If the rise of Jamaican syllable swinger Sean Paul and any number of mush-mouthed Dirty South MCs tells you anything, it’s that pop lyrics don’t need to be intelligible to get over. They never did, of course — see Nat King Cole’s “The Frim Fram Sauce” or the Kingsmen’s “Louie Louie” or Sugarhill Gang’s “Rapper’s Delight.” The only requirement is that the lyrics act like a tongue in your ear. So just because some of 19-year-old British rapper Dizzee Rascal’s best rhymes scan like Lewis Carroll translated into backward Korean (“Chung intelligent yaps in hospie flats”) is no reason to count him out. Because, seriously:Boy in Da Corner, which has sold 200,000 copies in the U.K. and is just now getting a U.S. release, is the hottest and strangest hip-hop import to bubble up since the Streets changed British rap from a punch line to a genre. Trend? Maybe. The generation of British beatheads who grew up pledging allegiance to jungle/drum’n’bass — England’s last great contribution to 20th-century culture — were left (extremely) high and dry when the bottom fell out of the scene a few years back. Some took to the R&B hybrid known as “garage,” which has given the world Craig David and a raft of empty MCs. Other junglists, like Dylan Mills, better known as Dizzee Rascal, worked to invent a regional hip-hop that didn’t come off like the Naked Chef aping DMX while chopping parsley.

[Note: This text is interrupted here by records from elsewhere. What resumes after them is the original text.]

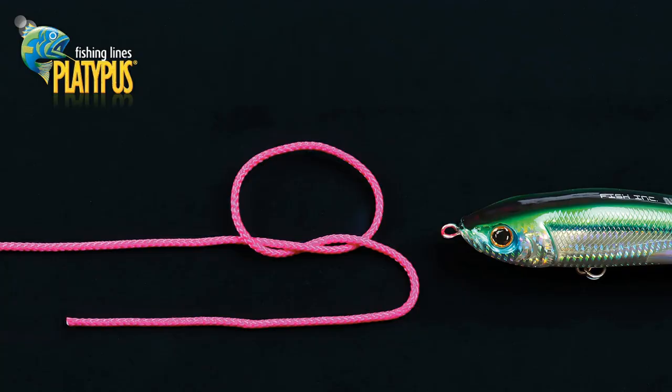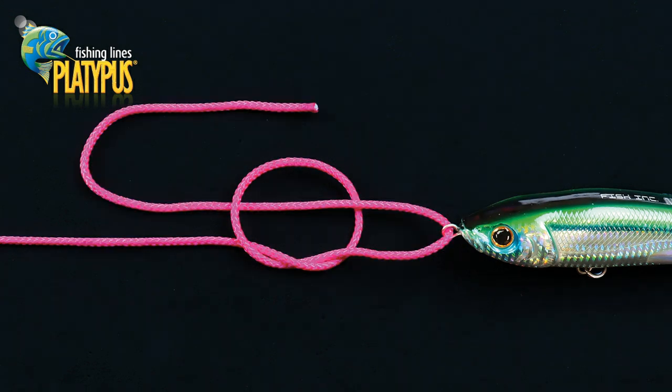Let's step through the Rapala Knot. We commence by creating a basic overhand knot, leaving a reasonable length on the tag end. Pass the tag end through the eye of the lure, fly or hook, then pass it from front to back through the loop of the overhand knot.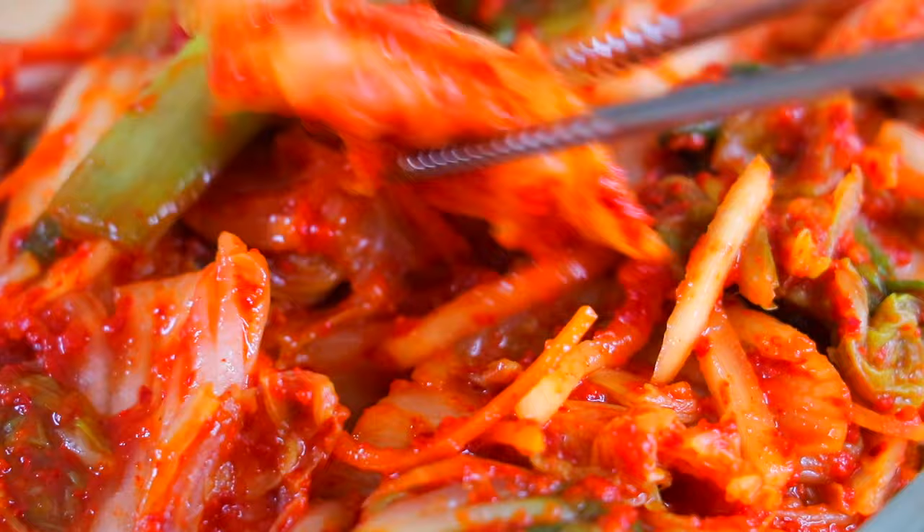Hi all my lovely foodies! I have always been a fan of kimchi, and many years ago I was very lucky to learn how to make kimchi with an amazing Korean chef. Today I want to show you how we can easily make kimchi at home.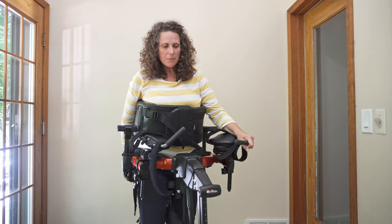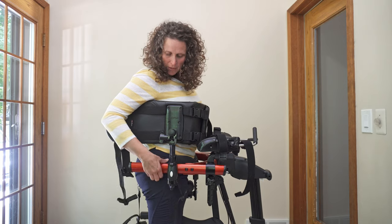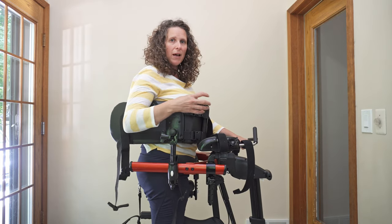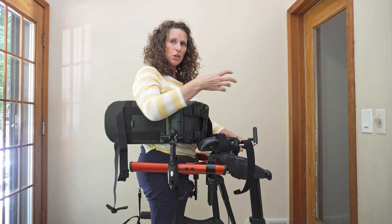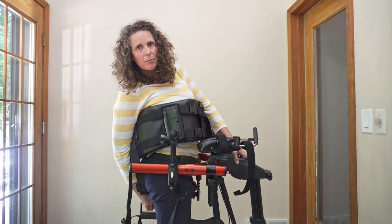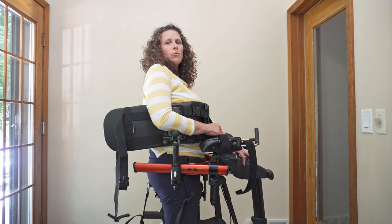I want you to be cognizant of the height of your pacer frame so that it is at their hip level. Then to adjust the pelvis, you are going to go ahead and push the hips forward, and you're going to do that by pushing the little button that is underneath the seat.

On Boy in Da Corner, it’s the sound that gets you straightaway: odd, vaguely Asian synth melodies and bursts of guitar over skittering beats and strrretched-out bass lines that snarl like Shy FX dubplates given the DJ Screw slow-mo treatment. And the flow is straight-up alien: chilled-out and frantic at the same time, slightly breathless, as if Dizzee is wrestling the cadences of British street language inside his mouth. The verbal rhythms start to resemble jungle’s speedballing drum clatter; the effect is claustrophobic and almost literally dizzying.

Once your ear becomes acclimated (it will; peeping lyricsdomain.com helps), the rhymes show off some deep MC storytelling. Dizzee has talked about how much he revered Nirvana as a kid — he once told a journalist “Smells Like Teen Spirit” was “like a retreat I could hide in” and that Cobain’s death was as big for him as Tupac’s or Biggie’s. There’s a bitter sadness here. “I’m vex at humanity, vex at the earth / I keep getting vex, till I think, ‘What’s the worth?'” he rhymes on “Sittin’ Here,” a song that begins with him watching the world from a perch and ends with him so bummed he’s practically weeping.

It’s not all existentialism; dude can be dead funny (“I socialize in Hackney or Bow / I wear my trousers ridiculously low!”). He also can be a prick. Dizzee “don’t promote no violence” but will wave a lyrical gun or baseball bat when necessary. And on a bad day, girls are all “bimbos, freaks, and nymphos.” But if women come off poorly, men don’t fare much better, and on “I Luv U” — the pro-contraception single Dizzee cut at age 16 — Jeanine Jacques’ cameo gives both sexes equal time to savage each other on a ping-pong chorus that turns the phrase “Oh, well” into a withering dis.

Dizzee has already been called England’s best rapper, won last year’s Mercury Music Prize, and opened for Jay-Z at Wembley Arena. He’s also been dogged by violence: When he was stabbed last summer during what was rumored to be a feud with garage roughnecks So Solid Crew, the U.K. tabloids went nuts. How all this will affect a loner street kid from East London remains to be seen; ditto as to whether U.S. heads will feel him. But Dizzee’s balancing act between street rapper and introspective avant-backpacker is virtually unprecedented. Could the Brits actually be improving upon a music born in the USA? Yo, they’ve done it before.